Power - Investors King
  • Discos Knock Obaseki Over Row With BEDC Boss

The Association of Nigerian Electricity Distributors has expressed its displeasure over the recent treatment meted out to the Managing Director of Benin Electricity Distribution Company, Mrs Funke Osibodu, by the Edo State Governor, Mr Godwin Obaseki.

Obaseki, on Tuesday, had ordered Osibodu to leave his office for “failing to meet obligations to electricity consumers in Edo and throwing the state into darkness for weeks.”

The mild drama was said to have played out while the governor was receiving members of the House of Representatives Committee on Power who were in the Government House on a courtesy visit.

But ANED, the umbrella body of the 11 electricity distribution companies in the country, described the governor’s outburst as unfair.

The Executive Director for Research and Advocacy, ANED, Chief Sunday Oduntan, said in a statement, “What is most unfortunate about the whole episode is that there is a misunderstanding about how the power sector works and this has led to the governor’s unfair expectations from the BEDC.

“With the upcoming elections and everyone looking for scapegoats, I cannot also rule out that local politics may be involved in this case and that is highly unfortunate.”

Oduntan noted that governor mentioned that the state was generating over 600 megawatts and as such should not be encountering power supply challenges.

“However, he needs to understand that the power generated at Azura or any other power plant in the country for that matter is first sent to the national grid from where it is redistributed to different Discos for distribution to customers,” he added.

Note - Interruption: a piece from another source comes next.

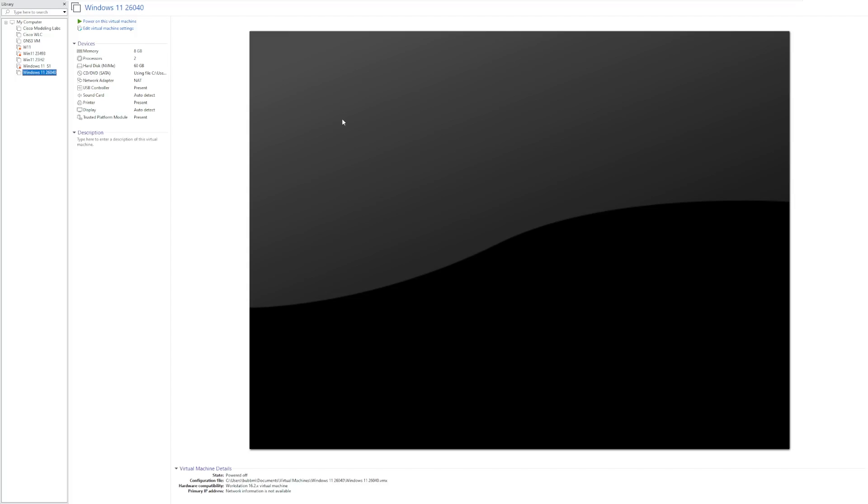Hey guys, it's Bub here, and in this video we're taking a look at Windows 11 build 26040, which is the first build of Windows 11 to feature a new redesigned setup screen.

According to him, Benin Disco is only entitled to nine per cent of the power sent out from the national grid and so it is clear that the Disco does not have the power to retain the 600MW generated by Azura.

The ANED spokesman said, “More interesting is the fact that out of this nine per cent, over 40 per cent of it is distributed within Edo State as the host community of the Disco. The other three states in the franchise area – Delta, Ekiti and Ondo – share the remaining 60 per cent.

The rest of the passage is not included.